··· Listed entries ···

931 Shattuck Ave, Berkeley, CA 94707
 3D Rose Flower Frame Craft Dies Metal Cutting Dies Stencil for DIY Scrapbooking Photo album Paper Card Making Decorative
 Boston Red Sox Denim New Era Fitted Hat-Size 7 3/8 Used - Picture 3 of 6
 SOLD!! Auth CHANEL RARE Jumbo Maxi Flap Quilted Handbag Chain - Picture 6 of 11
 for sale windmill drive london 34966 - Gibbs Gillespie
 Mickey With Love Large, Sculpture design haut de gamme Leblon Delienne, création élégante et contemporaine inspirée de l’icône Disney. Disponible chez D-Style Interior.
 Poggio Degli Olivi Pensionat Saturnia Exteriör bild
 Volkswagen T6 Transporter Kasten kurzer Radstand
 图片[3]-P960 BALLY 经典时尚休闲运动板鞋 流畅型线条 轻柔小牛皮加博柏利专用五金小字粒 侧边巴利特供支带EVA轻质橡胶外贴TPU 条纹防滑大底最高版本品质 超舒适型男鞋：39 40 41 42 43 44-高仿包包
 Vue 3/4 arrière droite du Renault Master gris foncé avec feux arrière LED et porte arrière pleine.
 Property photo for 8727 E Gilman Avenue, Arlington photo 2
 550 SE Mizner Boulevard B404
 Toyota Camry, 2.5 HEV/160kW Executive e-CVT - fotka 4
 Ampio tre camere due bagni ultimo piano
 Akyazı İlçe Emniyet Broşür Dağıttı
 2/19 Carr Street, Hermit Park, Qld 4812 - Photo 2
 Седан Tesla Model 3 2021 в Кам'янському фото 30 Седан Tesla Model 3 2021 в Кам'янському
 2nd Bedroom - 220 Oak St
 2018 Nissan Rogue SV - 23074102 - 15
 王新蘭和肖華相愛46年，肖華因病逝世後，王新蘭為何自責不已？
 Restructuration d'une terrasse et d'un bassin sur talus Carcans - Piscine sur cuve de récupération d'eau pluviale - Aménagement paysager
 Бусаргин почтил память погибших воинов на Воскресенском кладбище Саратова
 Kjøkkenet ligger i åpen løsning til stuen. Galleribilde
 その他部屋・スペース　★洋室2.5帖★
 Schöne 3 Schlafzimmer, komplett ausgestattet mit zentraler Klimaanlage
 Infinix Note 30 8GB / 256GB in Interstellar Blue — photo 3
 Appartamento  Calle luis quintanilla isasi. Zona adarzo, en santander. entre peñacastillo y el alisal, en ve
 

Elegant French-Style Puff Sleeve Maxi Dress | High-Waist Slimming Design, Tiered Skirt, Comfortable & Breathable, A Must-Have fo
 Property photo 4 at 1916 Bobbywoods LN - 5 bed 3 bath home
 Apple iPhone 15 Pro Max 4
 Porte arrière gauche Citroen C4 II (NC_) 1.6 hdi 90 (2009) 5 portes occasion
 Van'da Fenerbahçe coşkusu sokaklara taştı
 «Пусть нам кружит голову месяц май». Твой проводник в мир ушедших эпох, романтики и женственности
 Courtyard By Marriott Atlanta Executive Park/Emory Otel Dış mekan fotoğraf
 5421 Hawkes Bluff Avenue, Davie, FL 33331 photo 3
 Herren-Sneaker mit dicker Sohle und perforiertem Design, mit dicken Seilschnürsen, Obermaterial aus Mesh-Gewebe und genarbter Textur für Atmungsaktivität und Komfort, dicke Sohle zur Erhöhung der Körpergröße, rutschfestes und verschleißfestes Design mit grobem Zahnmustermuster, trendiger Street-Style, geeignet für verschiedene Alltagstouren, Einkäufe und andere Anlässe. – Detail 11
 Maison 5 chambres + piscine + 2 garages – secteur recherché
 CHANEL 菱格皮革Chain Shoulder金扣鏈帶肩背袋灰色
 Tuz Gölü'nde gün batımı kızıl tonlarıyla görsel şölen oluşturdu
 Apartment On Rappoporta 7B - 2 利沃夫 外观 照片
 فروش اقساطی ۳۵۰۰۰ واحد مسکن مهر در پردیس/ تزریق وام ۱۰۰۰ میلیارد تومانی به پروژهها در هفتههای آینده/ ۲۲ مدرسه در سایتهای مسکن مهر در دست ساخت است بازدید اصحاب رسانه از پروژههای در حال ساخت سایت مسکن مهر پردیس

···

Repeat verbatim the opening run of entries, ending with the line that contains "王新蘭和肖華相愛46年，肖華因病逝世後，王新蘭為何自責不已？".

**Expected answer:**
931 Shattuck Ave, Berkeley, CA 94707
 3D Rose Flower Frame Craft Dies Metal Cutting Dies Stencil for DIY Scrapbooking Photo album Paper Card Making Decorative
 Boston Red Sox Denim New Era Fitted Hat-Size 7 3/8 Used - Picture 3 of 6
 SOLD!! Auth CHANEL RARE Jumbo Maxi Flap Quilted Handbag Chain - Picture 6 of 11
 for sale windmill drive london 34966 - Gibbs Gillespie
 Mickey With Love Large, Sculpture design haut de gamme Leblon Delienne, création élégante et contemporaine inspirée de l’icône Disney. Disponible chez D-Style Interior.
 Poggio Degli Olivi Pensionat Saturnia Exteriör bild
 Volkswagen T6 Transporter Kasten kurzer Radstand
 图片[3]-P960 BALLY 经典时尚休闲运动板鞋 流畅型线条 轻柔小牛皮加博柏利专用五金小字粒 侧边巴利特供支带EVA轻质橡胶外贴TPU 条纹防滑大底最高版本品质 超舒适型男鞋：39 40 41 42 43 44-高仿包包
 Vue 3/4 arrière droite du Renault Master gris foncé avec feux arrière LED et porte arrière pleine.
 Property photo for 8727 E Gilman Avenue, Arlington photo 2
 550 SE Mizner Boulevard B404
 Toyota Camry, 2.5 HEV/160kW Executive e-CVT - fotka 4
 Ampio tre camere due bagni ultimo piano
 Akyazı İlçe Emniyet Broşür Dağıttı
 2/19 Carr Street, Hermit Park, Qld 4812 - Photo 2
 Седан Tesla Model 3 2021 в Кам'янському фото 30 Седан Tesla Model 3 2021 в Кам'янському
 2nd Bedroom - 220 Oak St
 2018 Nissan Rogue SV - 23074102 - 15
 王新蘭和肖華相愛46年，肖華因病逝世後，王新蘭為何自責不已？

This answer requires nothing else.